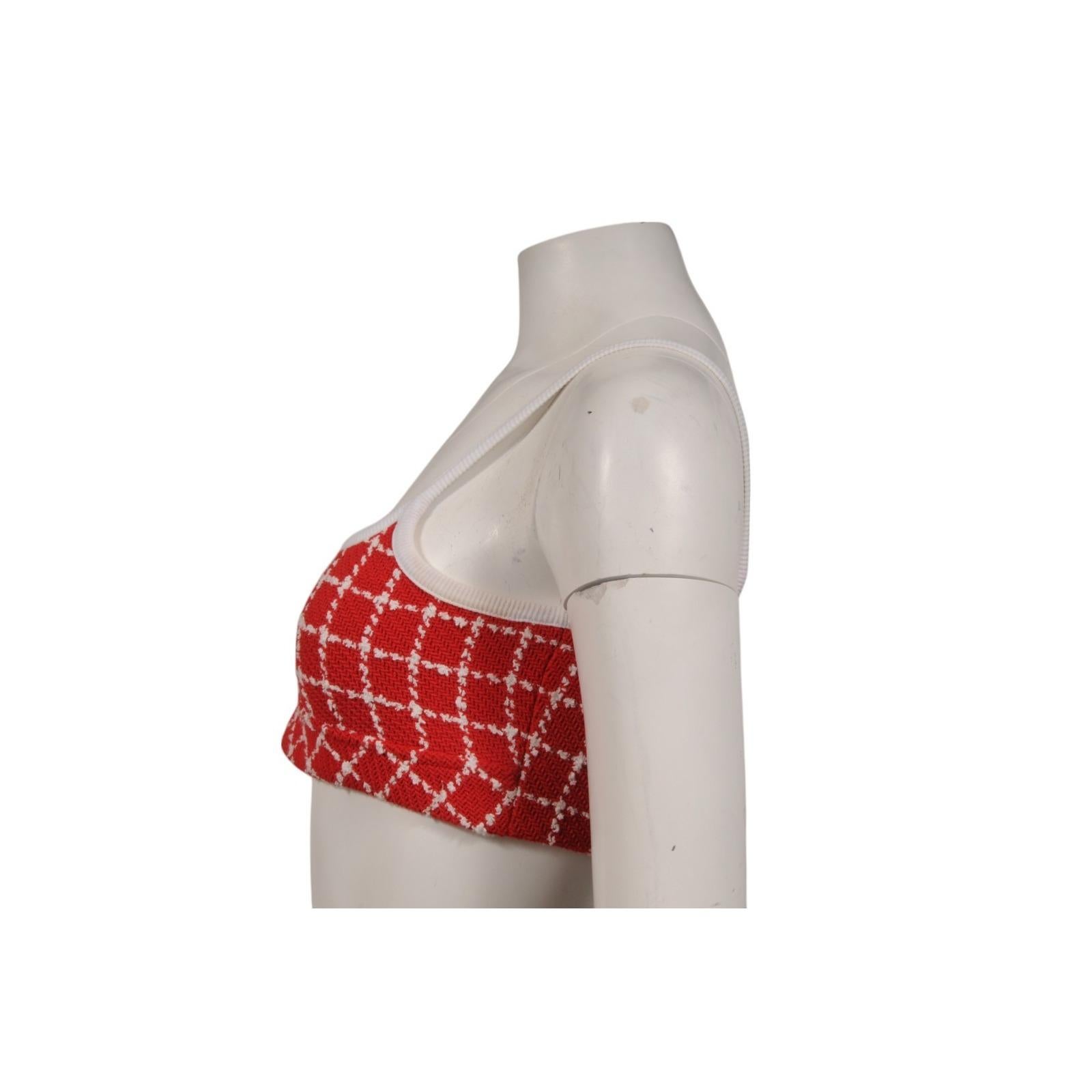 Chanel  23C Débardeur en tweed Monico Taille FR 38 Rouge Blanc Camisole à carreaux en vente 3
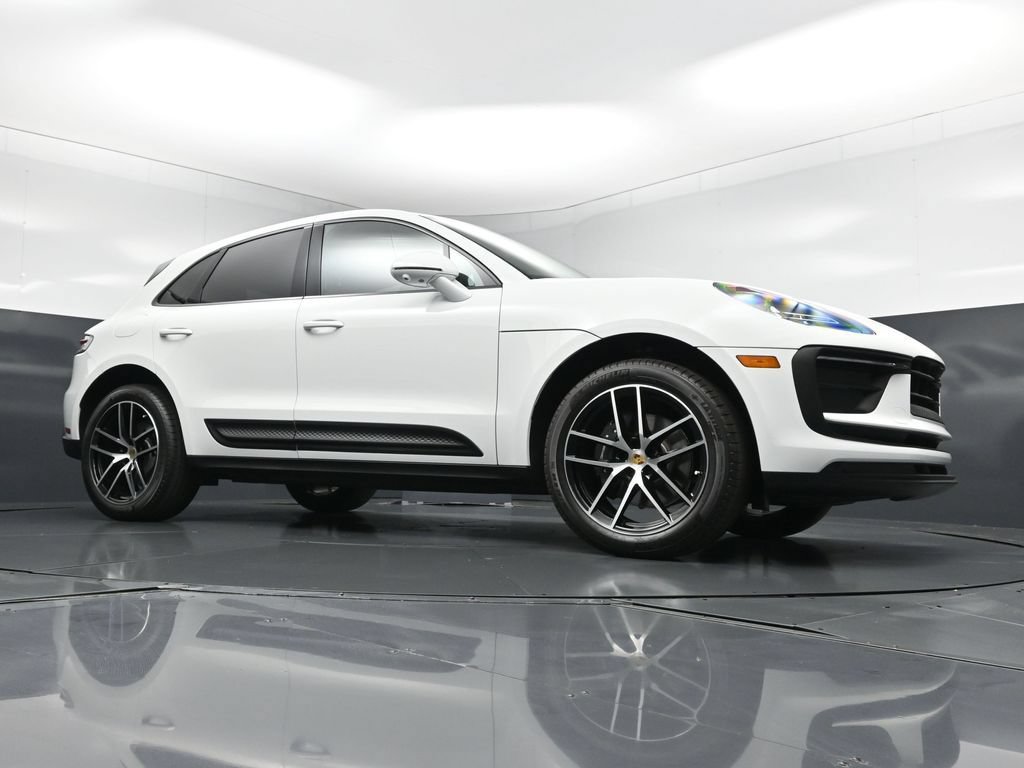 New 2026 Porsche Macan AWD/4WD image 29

* * *

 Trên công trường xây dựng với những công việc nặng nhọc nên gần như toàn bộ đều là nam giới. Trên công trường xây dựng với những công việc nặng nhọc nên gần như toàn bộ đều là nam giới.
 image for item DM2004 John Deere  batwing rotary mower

» **Work to be completed**: Taking the material above, give again exactly the lines from the one holding "carreaux en vente 3" through the one holding "New 2026 Porsche Macan AWD/4WD image 29", with both ends and without pictures.

» **Answer box**:
 Chanel  23C Débardeur en tweed Monico Taille FR 38 Rouge Blanc Camisole à carreaux en vente 3
 New 2026 Porsche Macan AWD/4WD image 29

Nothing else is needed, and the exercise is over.